Spectre est un divertissement de qualité, ne nous méprenons pas. Il souffre seulement des comparaisons et d’un passé composé de 23 films (!) qui, comme ce plus récent opus, ne bénéficie pas de la même audace que son excellent prédécesseur Skyfall et laisse trop entrevoir les failles de son moule préutilisé, alors que ses redites pourraient être méprises par certains pour des clins d’œil.
Ce nouveau chapitre des aventures de l’agent 007 ne s’intéresse donc pas aux reflets, mais aux ombres, celles de plusieurs très bonnes idées qui n’ont pas toujours bien viré.
Le talentueux Sam Mendes ne voulait pas revenir à la barre d’un nouveau film du célèbre agent de Ian Flemming et Daniel Craig a révélé récemment qu’il en avait marre de reprendre ce rôle. C’est peut-être ce certain état de lassitude qui fait ombrage sur ce qui est certainement l’un des opus les plus sombres du héros, autant de manière concrète que figurée.

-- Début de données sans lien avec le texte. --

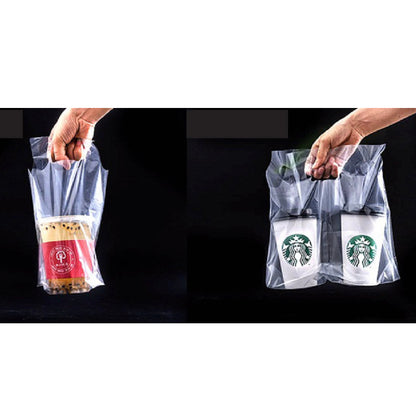 (READY STOCK)Paper Cup Plastic Bag Thickened Disposable Take Away Packaging Bag Milk Tea Beverage 100pcs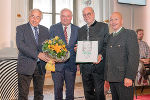 Gerald Schöpfer, LH Hermann Schützenhöfer, Preisträger Manfred Prisching, Michael Krainer (v.l.) © LandSteiermark/Binder, bei Quellenangabe honorarfrei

Après tout, sans le regard visionnaire de son partenaire de longue date Roger Deakins, malgré un magnifique plan-séquence en guise d’ouverture, tendance oblige, Mendes filme (très souvent) la nuit avec prudence et les scènes d’action avec anxiété. De son côté, le compositeur Thomas Newman, malgré plusieurs passages forts inspirés, surtout dans son dernier acte, recycle majoritairement ses compositions d’hier pour la même franchise.

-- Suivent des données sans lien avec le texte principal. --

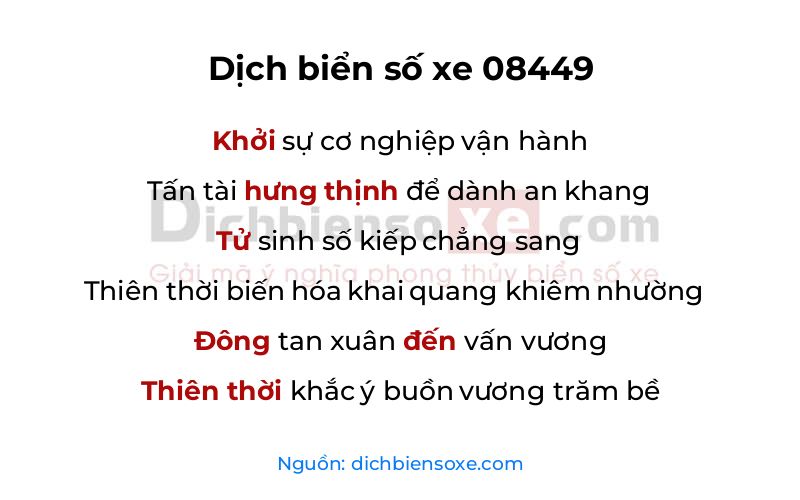 Dịch thơ biển số 08449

Ce sentiment de redites se lie alors ironiquement avec les thèmes principaux exhibés par le film comme le scénario nourrit une idée de cycle, tout en s’imposant comme une conclusion de ce dernier, faisant office d’un obstacle ironique face à la nouvelle équipe qui vient de s’établir. En essayant un peu maladroitement de nous faire croire que tous les précédents volets mettant en vedette Craig étaient en fait des pions mis en place pour aboutir en ce qui a lieu sous nos yeux, on reprend finalement le canevas habituel du passé qui revient hanter, et de la fin d’un monde pendant qu’un autre se met en place.

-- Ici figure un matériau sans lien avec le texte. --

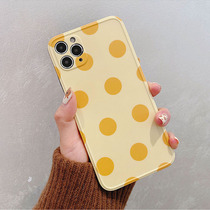 Korean Wind Yellow Wave Point iphone1211promax Silicone X All-bag 78plus Daughter Xr Soft SE2 Cell Phone Shell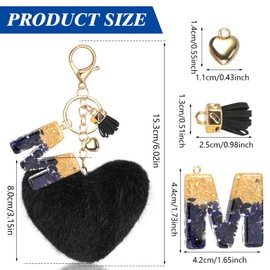 MWOOT Heart Pom Pom Key Chain, Fluffy Key Ring for Women's Backpack Purse Car Key Bag, with Resin Name Letter M, Black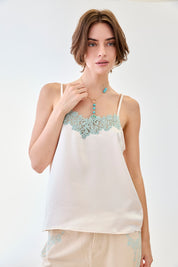 LACE NECKLINE LINGERIE TOP - RAW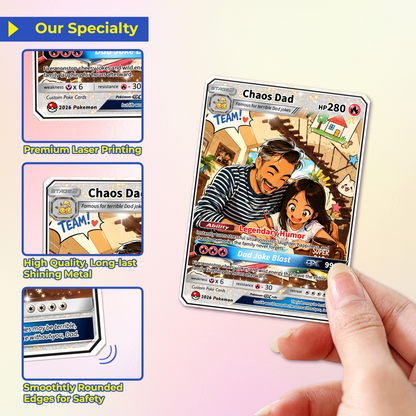 Funny Father's Day Custom Pokémon Card - HOT Trend Comic Anime Style Personalized Pokémon Card for Dad - Perfect Gift from Wife & Kids - CPC-119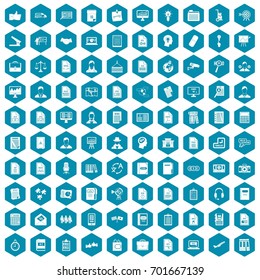 100 work paper icons set in sapphirine hexagon isolated vector illustration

Et si la prémisse évoque sans conteste celle de Rogue Nation, le plus récent film des Mission: Impossible – la société secrète qui vise le coup d’État -, elle est sauvée par l’élégance britannique qui prend son temps, trop peut-être, pour bien développer les enjeux et la psychologie, à défaut d’encore trop empiéter sur les histoires de cœur, à l’instar de Casino Royale. À ce titre, si la scène d’ouverture est géniale et son dernier acte, malgré son dénouement bâclé et sentimental, d’une tension aussi captivante que soutenue, le film souffre d’un centre qui se cherche beaucoup trop et d’un nombre désolant de déboires avec Léa Seydoux qui continue sévèrement d’agacer voire d’être risible, tout en ruinant à petit feu le long-métrage de par l’insignifiance de son personnage.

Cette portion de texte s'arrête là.